Start of DATASET EXCERPTS

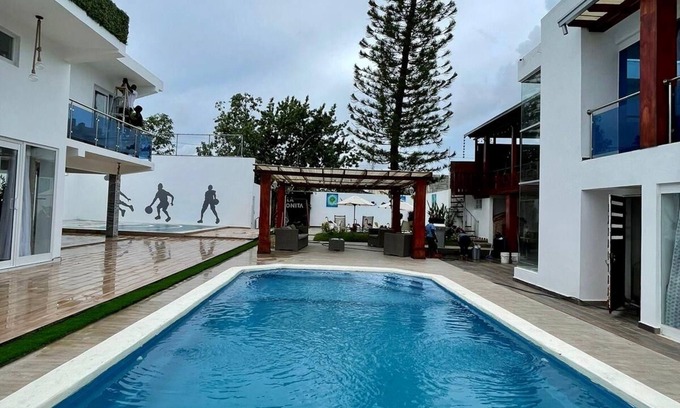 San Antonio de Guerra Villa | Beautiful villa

End of DATASET EXCERPTS
Start of DATASET EXCERPTS

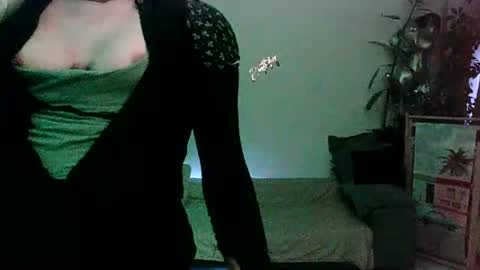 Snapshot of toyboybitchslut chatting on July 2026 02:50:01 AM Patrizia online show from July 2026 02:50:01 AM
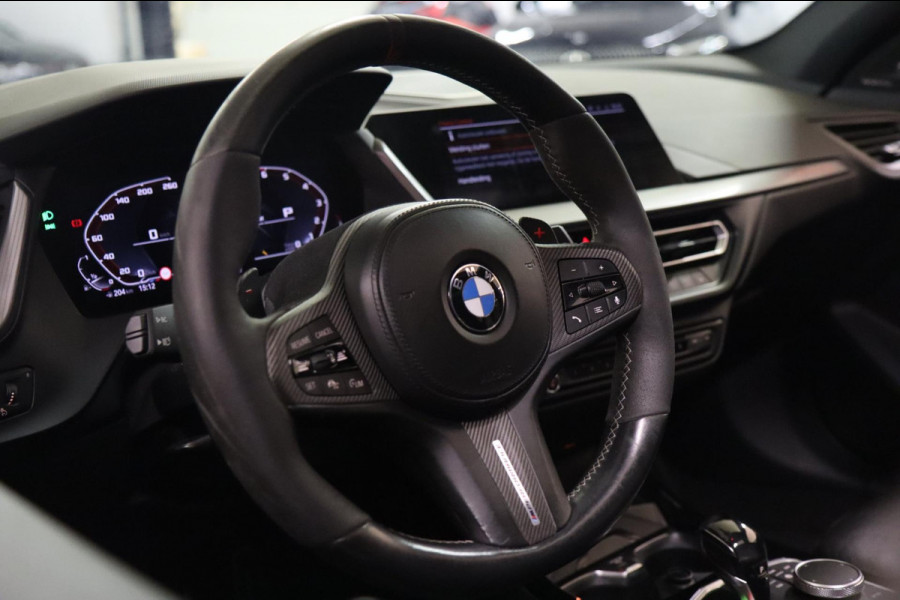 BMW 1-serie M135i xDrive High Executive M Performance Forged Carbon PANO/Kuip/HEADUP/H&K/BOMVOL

End of DATASET EXCERPTS
Start of DATASET EXCERPTS

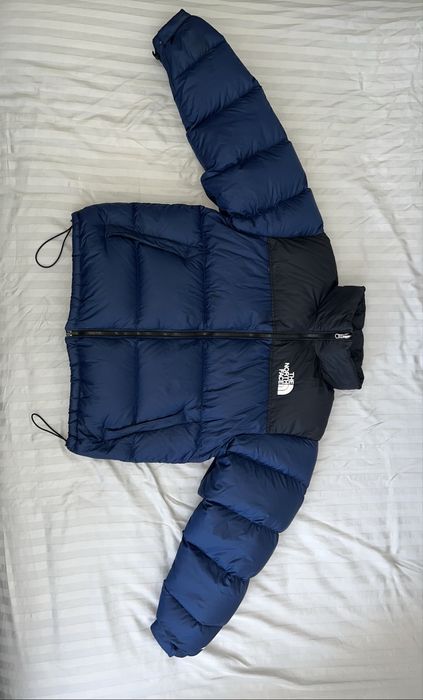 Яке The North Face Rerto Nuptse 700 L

End of DATASET EXCERPTS

◆ PROBLEM TO WORK ON ◆
Once the line with "Snapshot of toyboybitchslut" has been found above, output that line and every later line exactly, stopping after the line with "BMW 1-serie M135i", and omit the pictures.

◆ REPLY TO THE EXERCISE ◆
 Snapshot of toyboybitchslut chatting on July 2026 02:50:01 AM Patrizia online show from July 2026 02:50:01 AM
 BMW 1-serie M135i xDrive High Executive M Performance Forged Carbon PANO/Kuip/HEADUP/H&K/BOMVOL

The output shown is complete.